New Zealand-bred Thoroughbred racehorse

What A Nuisance (1978-2005) was a New Zealand-bred Thoroughbred racehorse. He was best known for winning the 1985 Melbourne Cup at Flemington Racecourse in November 1985.

==Background==
What A Nuisance was a bay horse with a white sock on his right hind foot bred in New Zealand by. He was sired by St Puckle, a British-bred son of the 1960 Epsom Derby winner St. Paddy. His dam, Fashion Bell was a descendant of The Witch, a British mare who was exported to Australia in the late 19th century, becoming the grand-dam of the 1902 Melbourne Cup winner The Victory.

==Racing career==
In early 1984 What A Nuisance, trained by Ken Rogerson won four consecutive races and was made favourite for the Sydney Cup in April despite being treated for a leg injury on the eve of the race. The gelding finished sixth in the race, aggravating the injury. What A Nuisance had recently been one of a group of fifteen horses bought from Rogerson's stable by the businessman Lloyd Williams who, along with Dennis Gowing, co-owned the gelding for the remainder of the horse's racing career. Williams had previously owned the 1981 Melbourne Cup winner Just A Dash. Attempts to bring What A Nuisance back in the spring failed, as he developed problems with his suspensory ligaments and was kept off the racecourse for a further nine months. He was then sent to be trained by John Meagher.

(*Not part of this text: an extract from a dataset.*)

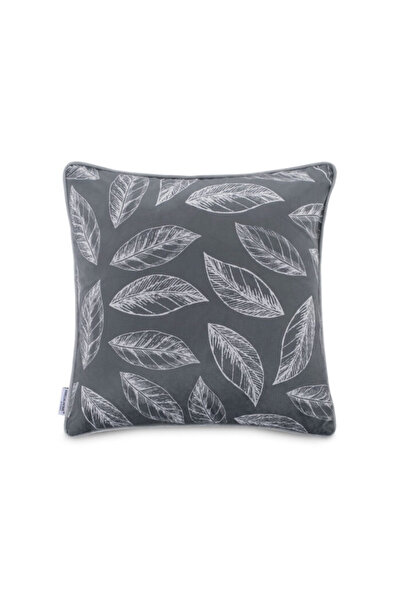 Amelia Home Perna decorativa din catifea cu motiv frunze, Calm, 45 x 45 cm, Gri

In the winter of 1985, What a Nuisance returned to racing at Bendigo where he ran five times, winning once. He then finished second to Black Knight at Moonee Valley Racecourse in September and then finished sixth in the Group 1 Caulfield Stakes. He completed his Cup preparation by running fourth in the Moonee Valley Cup and fifth in the Mackinnon Stakes.

At Flemington Racecourse on 5 November What A Nuisance started at odds of 15/1 in a field of twenty-three runners for the Melbourne Cup. The race was sponsored for the first time by the Foster's Group and carried record prize-money of over A$1,000,000, making it the most valuable race ever run in Australia. The race attracted a crowd of 79,126 which included the Prince and Princess of Wales. Ridden by the veteran Pat Hyland, What A Nuisance was drawn badly but appeared well-suited by the wet conditions. Hyland allowed the gelding to relax in the early stages before producing a strong late run to win by a nose from the mare Koiro Corrie May.

==Retirement==
What A Nuisance was retired to Hyland's property at Clyde, near Cranbourne, Victoria. He died suddenly on 19 April 2005 at the age of 26. An emotional Hyland described him as "a truly honest and game racehorse".

==Pedigree==

 What A Nuisance is inbred 3S x 4D to the stallion Aureole, meaning that he appears third generation on the sire side of his pedigree, and fourth generation on the dam side of his pedigree.

 What A Nuisance is inbred 4S x 4S x 5D to the stallion Hyperion, meaning that he appears fourth twice generation on the sire side of his pedigree, and fifth generation once (via Aureole) on the dam side of his pedigree.

 What A Nuisance is inbred 4S x 4D to the stallion Nearco, meaning that he appears fourth generation on the sire side of his pedigree, and fourth generation on the dam side of his pedigree.

Pedigree of What A Nuisance (NZ), bay gelding, 1978
| Sire St Puckle (GB) 1967 | St. Paddy (GB) 1957 | Aureole* | Hyperion* |
Angelola*
| Edie Kelly | Bois Roussel |
Caerlissa
| Browband (IRE) 1953 | Royal Charger | Nearco* |
Sun Princess
| Riband | Hyperion* |
Ribbon
| Dam Fashion Bell (NZ) 1962 | Belmura (GB) 1963 | Mossborough | Nearco* |
All Moonshine
| Chikita | Chateauroux |
Rikokita
| Amber Lyn (NZ) 1964 | St Ambrose | Aureole* |
Church Music
| Lady Judge | Probation |
Fleet Wind (Family: 1-o)

==Namesake==
Australian rail operator CFCL Australia named locomotive FL220 after the horse.